*ACTIVITY*. Could you copy exactly the lines below, beginning at the line with "Ректор професор Надія" and stopping after the line with "Immagine Balconi nel", with no pictures?

Data excerpts
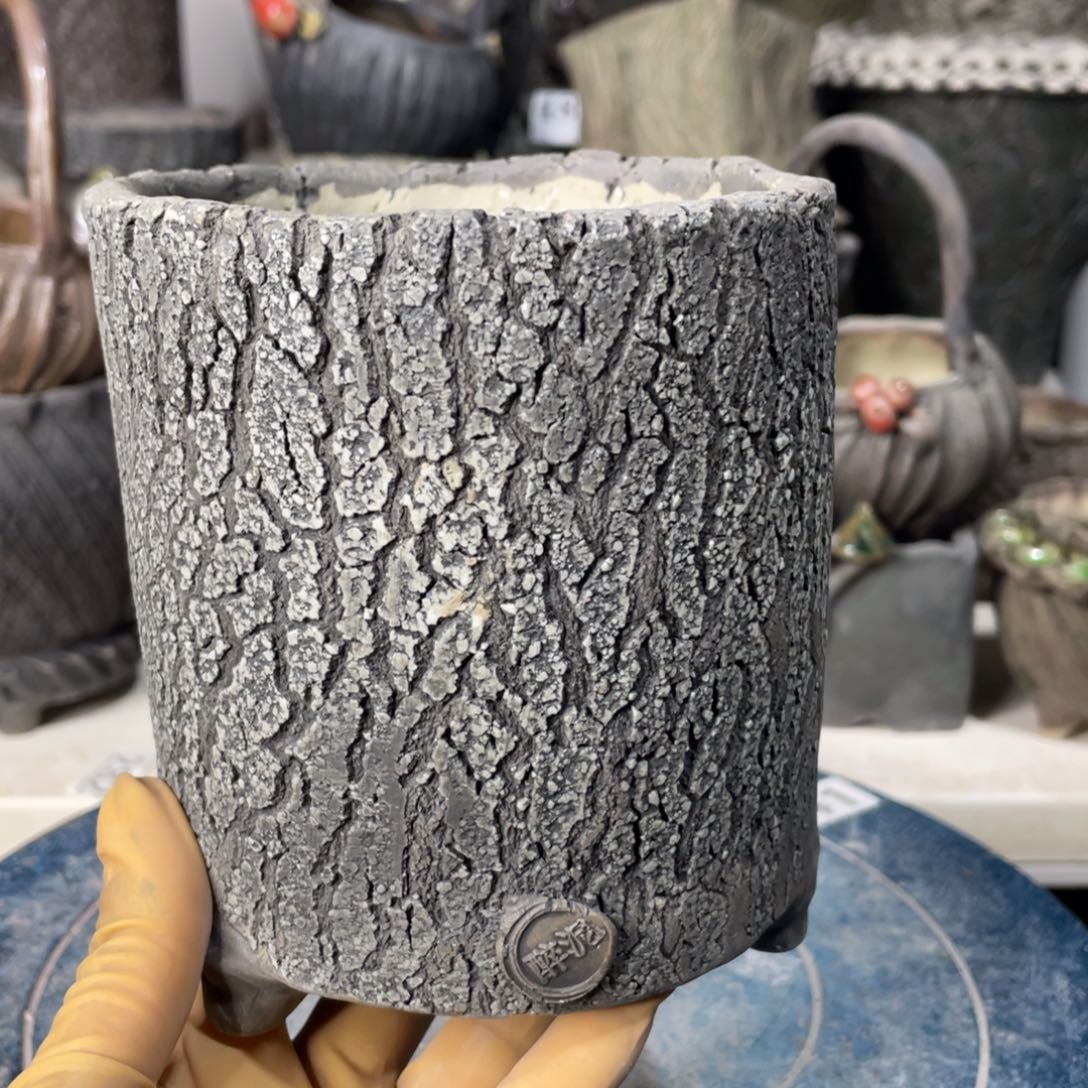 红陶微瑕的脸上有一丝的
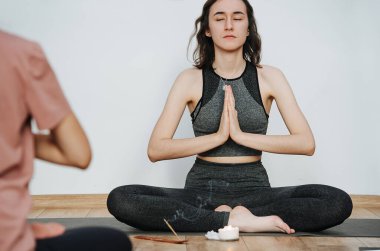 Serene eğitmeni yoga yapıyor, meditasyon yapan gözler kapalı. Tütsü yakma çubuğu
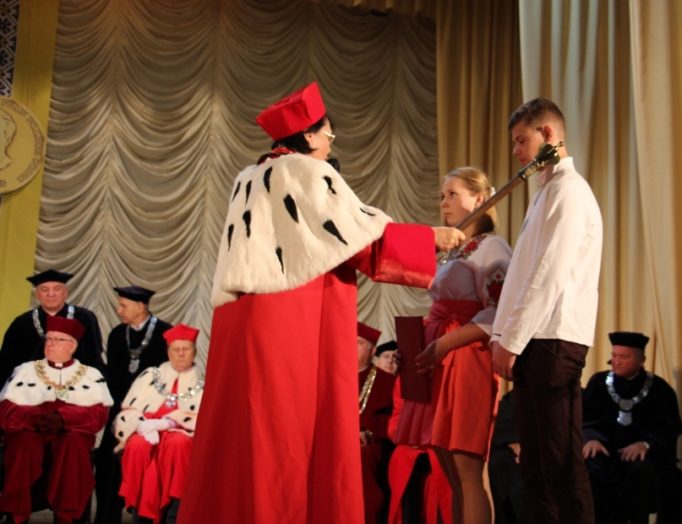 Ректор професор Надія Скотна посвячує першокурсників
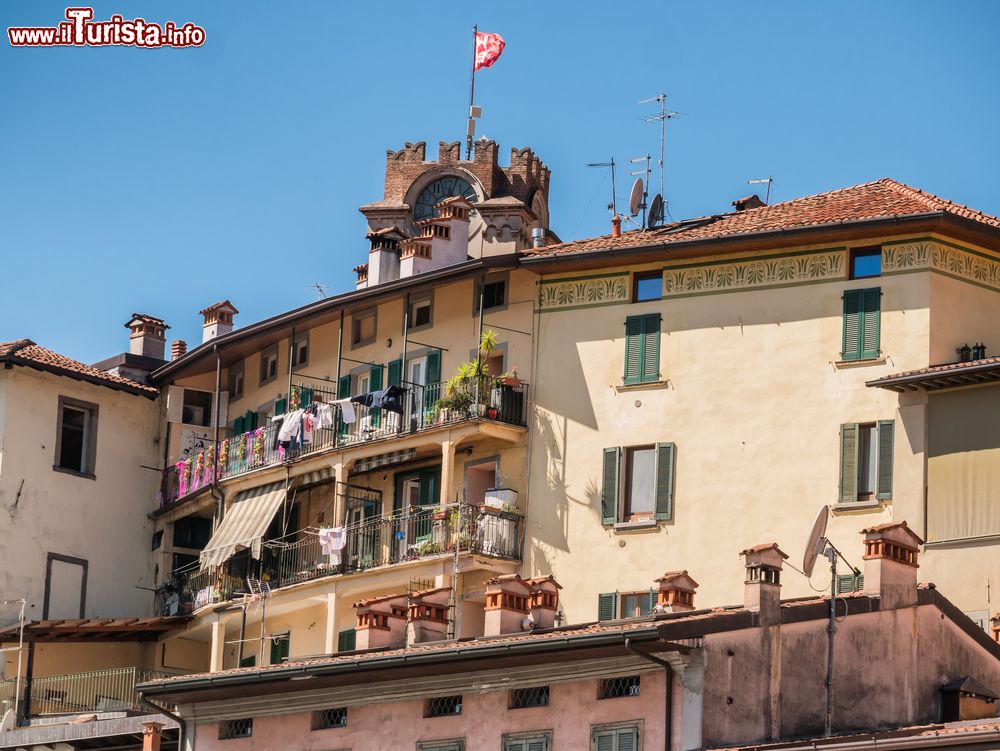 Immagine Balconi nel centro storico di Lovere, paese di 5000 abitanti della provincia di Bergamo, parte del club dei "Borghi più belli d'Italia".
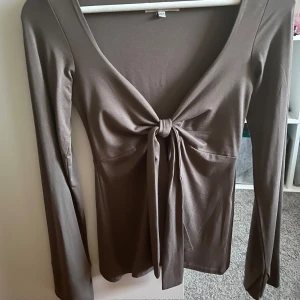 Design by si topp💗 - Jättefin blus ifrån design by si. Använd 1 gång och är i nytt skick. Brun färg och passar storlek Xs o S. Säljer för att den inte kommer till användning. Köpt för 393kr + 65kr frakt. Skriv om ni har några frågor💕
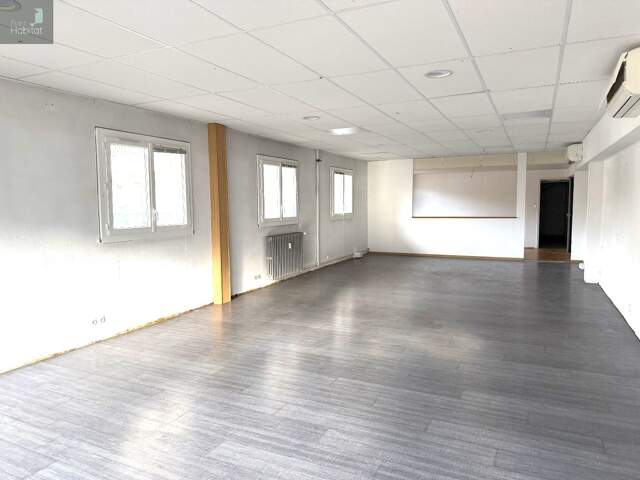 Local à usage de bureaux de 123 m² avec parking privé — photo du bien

*YOUR RESPONSE*.
 Ректор професор Надія Скотна посвячує першокурсників
 Immagine Balconi nel centro storico di Lovere, paese di 5000 abitanti della provincia di Bergamo, parte del club dei "Borghi più belli d'Italia".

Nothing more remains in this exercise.